After a devastating hurricane, residents battle red tape, confusion, and greed.
Hurricane Katrina, which struck New Orleans on August 28, 2005, left the city in shambles. Drawing on news reports, environmental and urban studies, and conversations with scores of residents, journalist Gratz (The Battle for Gotham: New York in the Shadow of Robert Moses and Jane Jacobs, 2010, etc.) mounts an angry indictment of political machinations, shortsightedness, and prejudice, all of which threatened to obliterate the city’s famed character.

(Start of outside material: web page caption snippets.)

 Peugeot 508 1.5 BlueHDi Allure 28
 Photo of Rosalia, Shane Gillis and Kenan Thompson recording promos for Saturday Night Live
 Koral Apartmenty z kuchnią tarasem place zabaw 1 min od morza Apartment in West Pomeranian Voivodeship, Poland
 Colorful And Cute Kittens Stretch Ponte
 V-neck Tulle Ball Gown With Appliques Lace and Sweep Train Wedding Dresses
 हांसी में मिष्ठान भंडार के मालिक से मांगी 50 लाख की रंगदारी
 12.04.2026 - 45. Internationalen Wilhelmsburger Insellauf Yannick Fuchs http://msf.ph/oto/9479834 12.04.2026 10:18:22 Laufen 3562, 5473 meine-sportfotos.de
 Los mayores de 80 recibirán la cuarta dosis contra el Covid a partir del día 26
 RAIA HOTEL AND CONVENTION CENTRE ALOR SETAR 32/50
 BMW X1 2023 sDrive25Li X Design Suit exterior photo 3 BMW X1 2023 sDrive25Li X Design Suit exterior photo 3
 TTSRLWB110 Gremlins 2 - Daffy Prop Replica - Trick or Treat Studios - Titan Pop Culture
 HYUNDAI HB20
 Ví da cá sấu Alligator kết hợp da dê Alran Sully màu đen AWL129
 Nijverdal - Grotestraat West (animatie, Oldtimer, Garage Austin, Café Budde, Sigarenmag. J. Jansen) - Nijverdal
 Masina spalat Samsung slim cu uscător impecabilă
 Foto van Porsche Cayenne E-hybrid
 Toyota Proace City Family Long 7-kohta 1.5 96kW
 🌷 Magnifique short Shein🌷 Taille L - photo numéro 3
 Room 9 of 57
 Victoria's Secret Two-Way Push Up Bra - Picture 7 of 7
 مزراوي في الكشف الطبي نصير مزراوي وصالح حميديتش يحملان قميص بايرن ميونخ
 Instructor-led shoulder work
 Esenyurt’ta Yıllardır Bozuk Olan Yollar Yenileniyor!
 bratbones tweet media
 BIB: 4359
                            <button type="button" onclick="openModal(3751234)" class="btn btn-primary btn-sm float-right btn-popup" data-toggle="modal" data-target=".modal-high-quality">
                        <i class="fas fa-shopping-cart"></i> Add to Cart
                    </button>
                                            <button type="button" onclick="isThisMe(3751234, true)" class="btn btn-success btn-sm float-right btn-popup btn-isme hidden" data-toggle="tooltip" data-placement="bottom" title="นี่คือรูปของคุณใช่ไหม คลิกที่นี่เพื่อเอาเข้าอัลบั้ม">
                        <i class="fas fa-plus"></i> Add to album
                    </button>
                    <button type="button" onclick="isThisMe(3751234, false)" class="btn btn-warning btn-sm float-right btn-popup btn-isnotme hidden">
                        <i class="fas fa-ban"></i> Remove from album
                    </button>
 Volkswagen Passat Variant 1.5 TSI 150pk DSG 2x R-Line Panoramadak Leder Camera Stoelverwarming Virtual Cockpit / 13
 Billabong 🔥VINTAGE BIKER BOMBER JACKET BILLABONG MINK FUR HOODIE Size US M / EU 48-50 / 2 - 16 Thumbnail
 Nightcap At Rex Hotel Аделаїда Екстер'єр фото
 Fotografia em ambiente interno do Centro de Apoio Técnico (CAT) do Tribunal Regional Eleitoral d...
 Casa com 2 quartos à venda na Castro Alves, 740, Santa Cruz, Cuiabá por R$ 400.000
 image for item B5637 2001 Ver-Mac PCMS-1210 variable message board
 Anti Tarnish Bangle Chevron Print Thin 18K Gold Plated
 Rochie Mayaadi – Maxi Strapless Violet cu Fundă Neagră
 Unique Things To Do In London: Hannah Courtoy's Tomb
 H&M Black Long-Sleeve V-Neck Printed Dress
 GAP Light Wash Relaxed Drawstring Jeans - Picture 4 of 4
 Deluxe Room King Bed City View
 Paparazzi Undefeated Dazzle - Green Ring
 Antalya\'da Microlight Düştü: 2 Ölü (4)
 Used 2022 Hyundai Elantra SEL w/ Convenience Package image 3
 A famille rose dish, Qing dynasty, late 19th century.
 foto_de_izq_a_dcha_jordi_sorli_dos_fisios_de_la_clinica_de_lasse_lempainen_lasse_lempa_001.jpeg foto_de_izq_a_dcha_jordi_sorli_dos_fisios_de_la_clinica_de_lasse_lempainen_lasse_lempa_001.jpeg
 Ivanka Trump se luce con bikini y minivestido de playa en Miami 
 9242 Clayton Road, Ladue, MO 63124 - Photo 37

To Gratz, now a part-time resident, New Orleans shines as an example of “urbanism at its best,” with “a texture and exuberance seen in no other American metropolis.” It’s a mixed-use city, combining residential, retail, and commercial spaces, enlivened by social, ethnic, and racial diversity with a comfortable scale and “corner-store tradition.” She recognizes the city’s serious problems, as well, especially its violent prisons and inadequate schools, which still loom as challenges. After wind and floods destroyed many neighborhoods, residents were eager to begin restoring and rebuilding with funds from government agencies such as FEMA and Road Home. But FEMA was hopelessly mismanaged, Gratz found, and Road Home often treated claimants with “outright contempt.” Gratz condemns the city’s mayor for endorsing a plan to shrink poor African-American neighborhoods; demolish houses whose residents had evacuated; and force buyouts in areas that would be turned over to wealthy interests. Grassroots organizations sprang up, with energetic, often frustrated, leaders who pressed for preservation of the city’s historic architecture and neighborhoods. Outside help bolstered their efforts: Brad Pitt’s Make It Right project has built more than 100 houses in the hard-hit Lower Ninth Ward, and Barnes & Noble owner Leonard Riggio underwrote the Project Home Again foundation that built houses in the working-class community of Gentilly.
In chronicling New Orleans’ battle against bureaucracy, Gratz offers a cautionary tale for other urban areas: when local residents and businesses have a voice, true revitalization can happen.